Von Francesco Collini, Unterschleißheim

Der Konflikt zwischen Kritikern unbegrenzter Mobilität und Verfechtern des Autofahrens erreicht nun auch Unterschleißheim. Es gibt kaum noch Einwohner der Stadt, die keine klare Meinung zur Umwandlung der Bezirksstraße in eine sogenannte Shared-Space-Zone haben. Wie tief die Gräben zwischen den beiden Polen sind - auf der einen Seite die örtlichen Vertreter von SPD, Grünen und ÖDP, auf der anderen die Geschäftsleute der Bezirksstraße - merkte man am Samstagvormittag besonders gut, als beide Lager aufeinandertrafen.

Shared Spaces oder, wie die Stadträtin und Baureferentin Katharina Bednarek (SPD) sie nennt, "Gemeinschaftsstraßen" sind Straßenabschnitte, in der alle Verkehrsteilnehmer "gleichberechtigt" sind. Ihre Partei hatte am Samstag zusammen mit Grünen und ÖDP eine "Demoversion" von Shared Space zwischen Lindenstraße und Frühlingsstraße eingerichtet. Dort wollen die Parteien die Höchstgeschwindigkeit auf 20 Stundenkilometer senken und zum Teil Pflaster zur Verkehrsberuhigung verlegen lassen, wie aus Entwürfen der Organisatoren zu entnehmen ist und wie sie es mit Klebeband auf der Straße demonstrierten.
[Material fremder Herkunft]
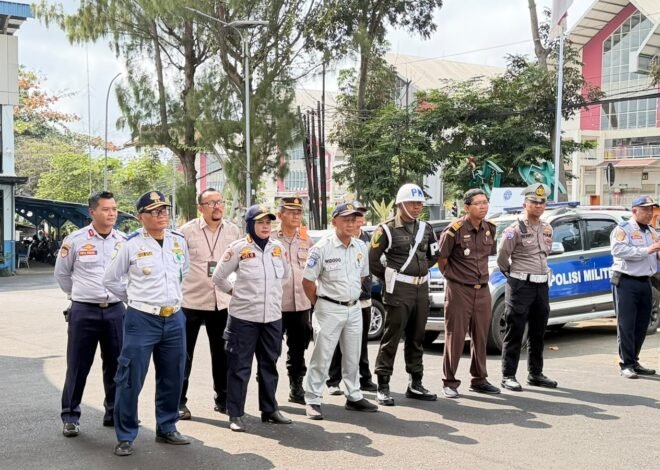 Operasi Bersama Digelar di Kota Batu untuk Perkuat Keselamatan dan Ketertiban Lalu Lintas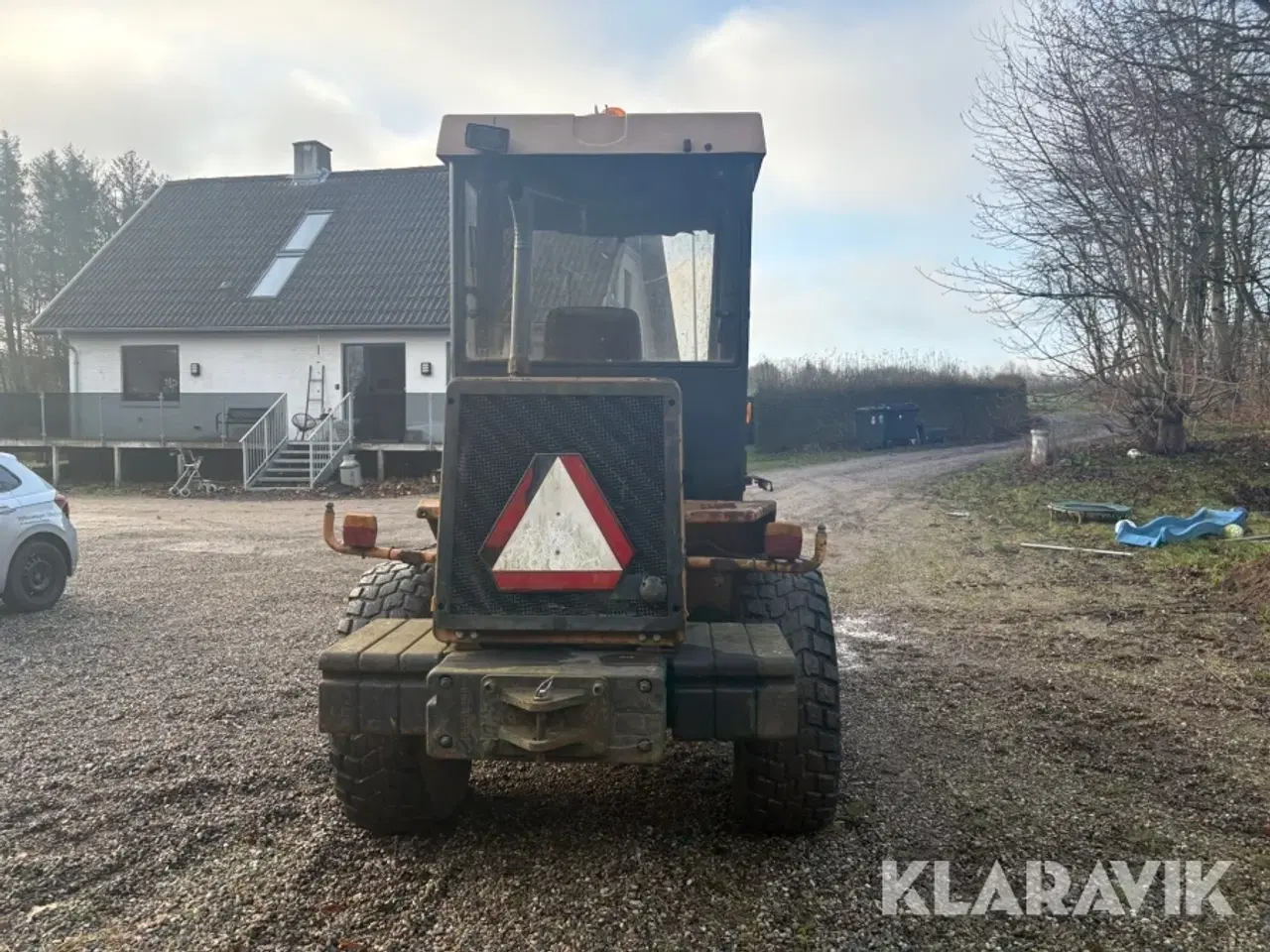 Billede 6 - Hjullæsser Case 121B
Geschäftsleute kleben ihre Schaufenster zu

Aus Protest gegen die Pläne hatten die meisten Geschäftsleute der Bezirksstraße am Samstag ihre Schaufenster zugeklebt und "Zu vermieten"-Schilder aufgehängt - eine Demonstration, welche Folgen sie durch eine Verkehrsberuhigung erwarten. Ein Samstagvormittag im Ausnahmezustand auf der Bezirksstraße.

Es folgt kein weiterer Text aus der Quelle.